OT: - Best Pizza in CT | Page 333 | The Boneyard

OT: Best Pizza in CT

Is it time to get rid of the pizza thread?

  • Yes. It's past it's useful time here.

    Votes: 10 14.1%
  • No. I can't live without it.

    Votes: 50 70.4%
  • Move it to another board.

    Votes: 11 15.5%

  • Total voters
    71
I have feeling he’s going to like both! Prediction…

Mondo’s 8.1
Sicily 8.3 (New Haven Style which Dave loves)

Plus a little compliment on Siciliy’s set up and Main Street as a whole.
Sicily sucks IMO.
 
I've only been back East a couple times, both to my best friend's place in Poughkeepsie. Knowing that I was a HUGE pizza nut, she arranged a Hudson Valley Pizza Tour for me... We had slices at five or six places. most NY style. Loved 'em all!

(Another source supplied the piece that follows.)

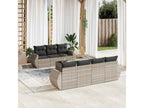8-piece garden furniture set with light grey cushions, woven resin 47000JDZO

But the best one was actually a Detroit style pie, at a place called Hudson & Packard, right in the middle of Poughkeepsie.

Out here in NorCal, I don't think there are any really good NY style pizzas, but there some decent ones... For me, Chicago style is the best. Zachary's, a four-store chain in the East Bay is the bomb diggity! (Okay, I'm sure that's already an old phrase... and get off my lawn...)

There is supposedly a "California style", but I just call that fast-food pizza... like Chuck E. Cheese or Straw Hat. Still better than a hamburger in my book, but I can find better almost all the time.

I've been to Davenport, IA for their great traditional-jazz festival, and while there, had a couple other Chicago-style pies, one just over the river to Illinois, the other at Giordano's, a fairly large chain based in Chicago that makes a GREAT Chicago pie! Zachary's compares very closely to both of those places. BTW, if you've ever tried the chain "Old Chicago", that's a pretty good pie but not really Chicago style, no matter what they say.

The Davenport area also has its own style, Quad-cities style... do NOT try that! EEEEEEEEyuck!

If I ever actually make it to Connecticut, I'll refer myself to this thread. :)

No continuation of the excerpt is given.